Your objective: Without any pictures, reproduce exactly the lines running from the line containing "Equate Green Mint" through the end of the entries.

Provided data:
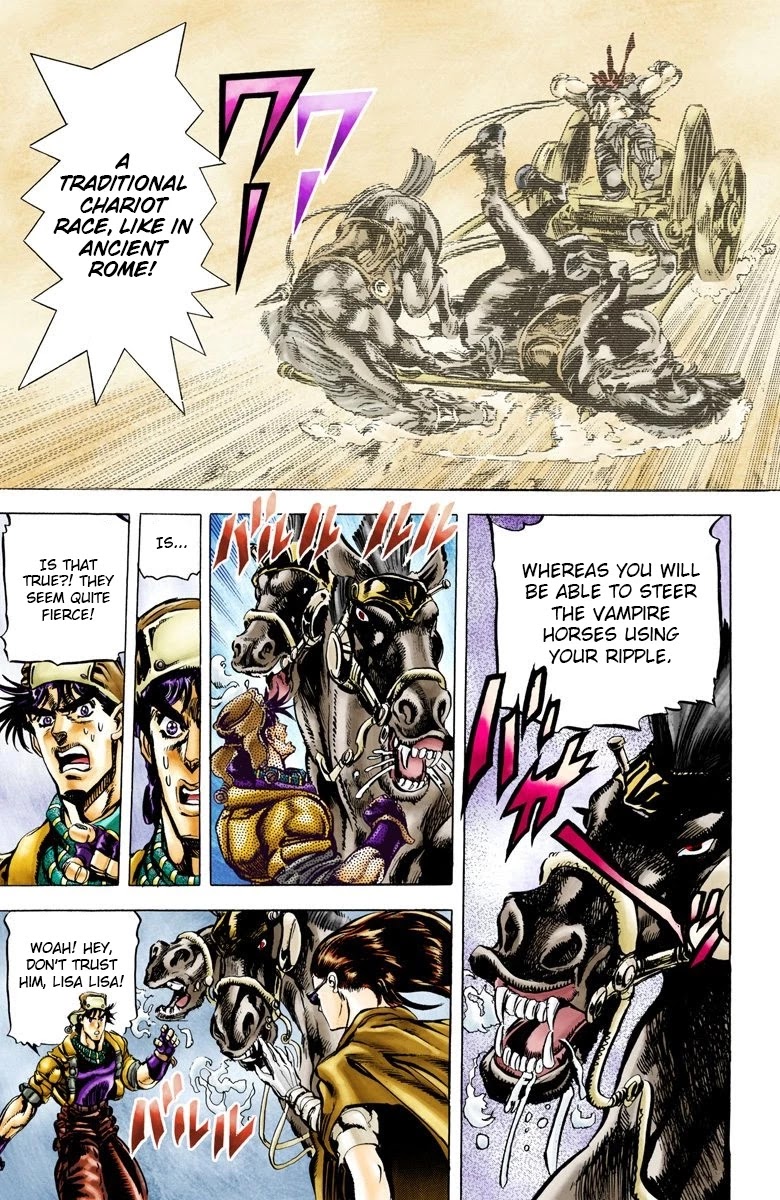 JoJo's Bizarre Adventure Part 2 - Battle Tendency (Official Colored) chapter 53 page 15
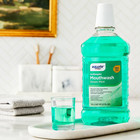 Equate Green Mint Antiseptic Mouthwash For Bad Breath   Plaque Oral Care  1 5l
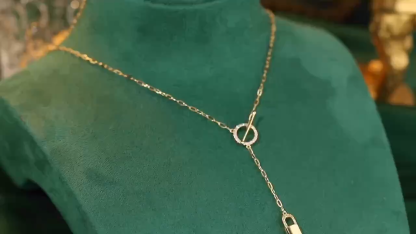 18k Gold Necklace with 0.20ct Natural Diamond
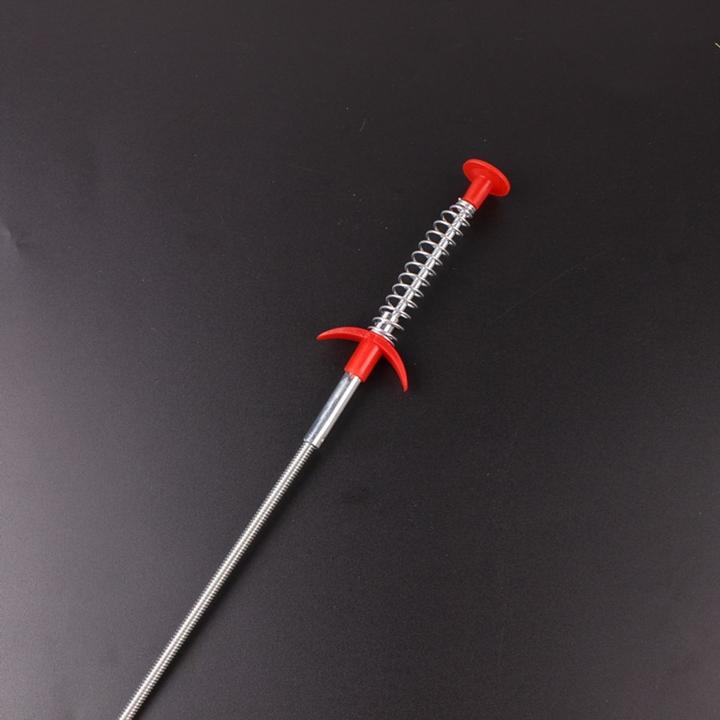 Produktbild König Design Abflussreiniger Rohrbürste Abflussfrei Rohr Abfluss Siphon Bürste Spirale Haare (1 Stk.)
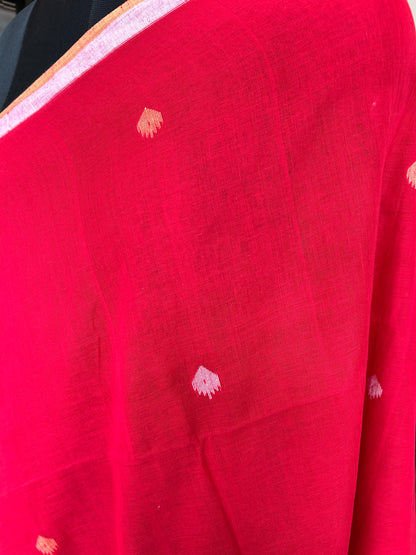 WHITE JAMDANI SAREE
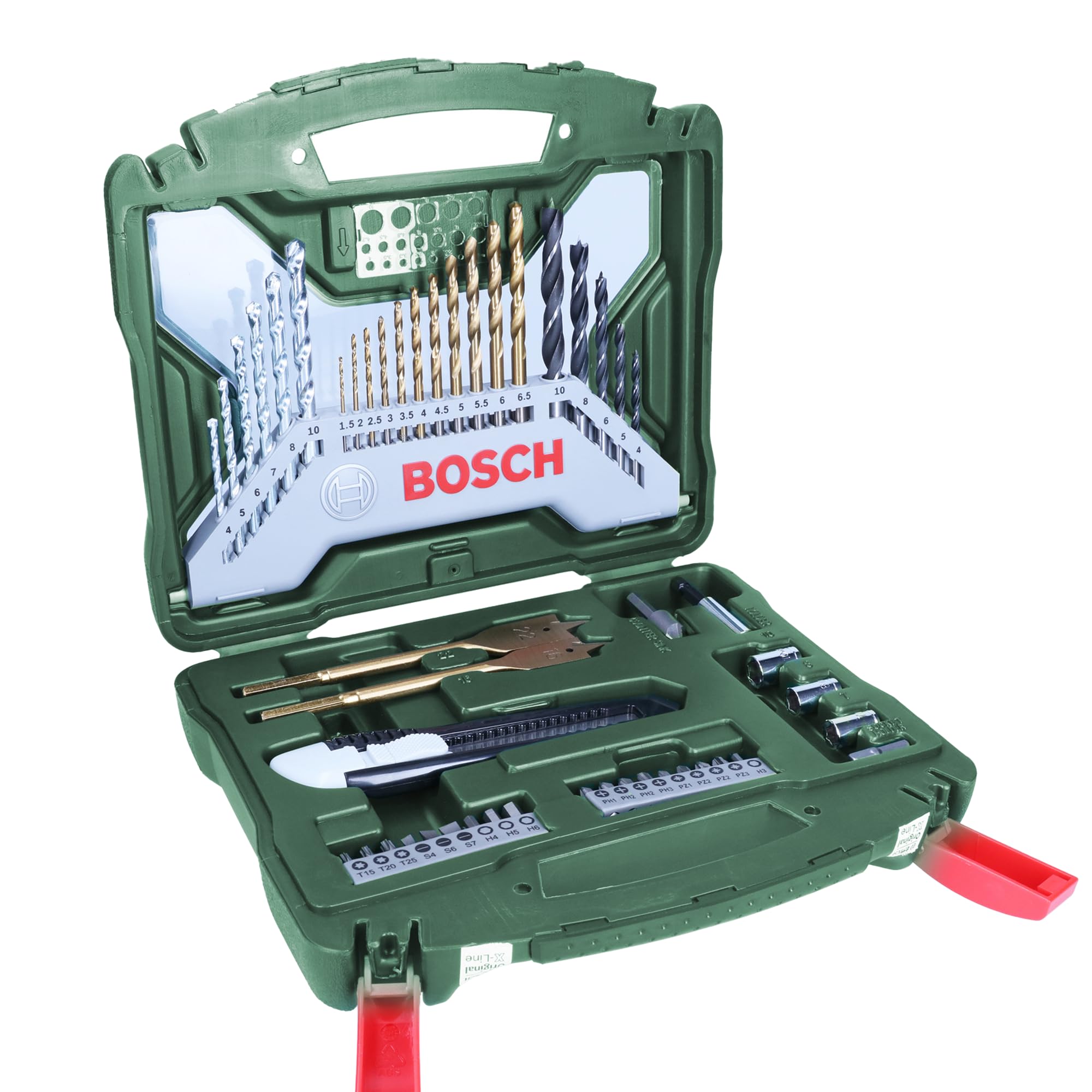 Bosch Set 50 Pezzi Punte e Bit Avvitamento X-Line
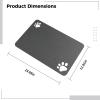 Diatomaceous Earth Feeding Mat for Pets, Water-Absorbent, Washable, 30.5 x 50.8 cm view 4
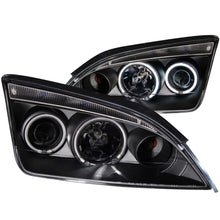 Load image into Gallery viewer, 0507-Focus-Zx4-4Dr-Headlights-Black-Clear-Projector-With-Halos-DrivePass
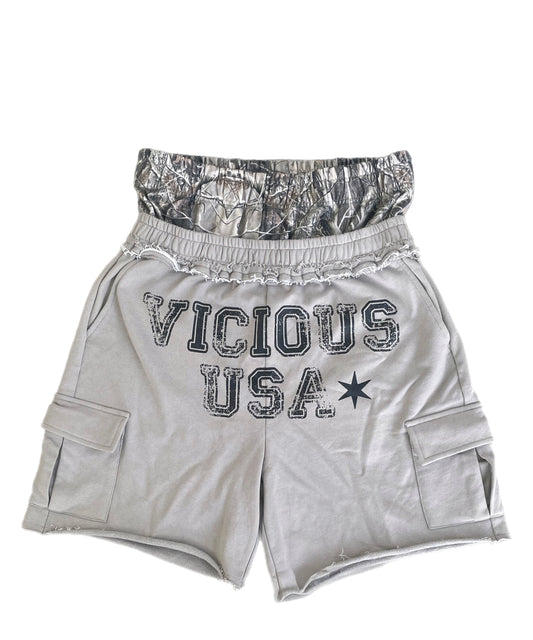 BOXER CARGO SHORTS (Fossil Gray)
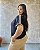 Blusa C/ Detalhe Em Cor No Ombro E Gola - Slim e Plus Size - Imagem 7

Task result:
 Equate Green Mint Antiseptic Mouthwash For Bad Breath   Plaque Oral Care  1 5l
 18k Gold Necklace with 0.20ct Natural Diamond
 Produktbild König Design Abflussreiniger Rohrbürste Abflussfrei Rohr Abfluss Siphon Bürste Spirale Haare (1 Stk.)
 WHITE JAMDANI SAREE
 Bosch Set 50 Pezzi Punte e Bit Avvitamento X-Line
 Diatomaceous Earth Feeding Mat for Pets, Water-Absorbent, Washable, 30.5 x 50.8 cm view 4
 Load image into Gallery viewer, 0507-Focus-Zx4-4Dr-Headlights-Black-Clear-Projector-With-Halos-DrivePass
 BOXER CARGO SHORTS (Fossil Gray)
 Blusa C/ Detalhe Em Cor No Ombro E Gola - Slim e Plus Size - Imagem 7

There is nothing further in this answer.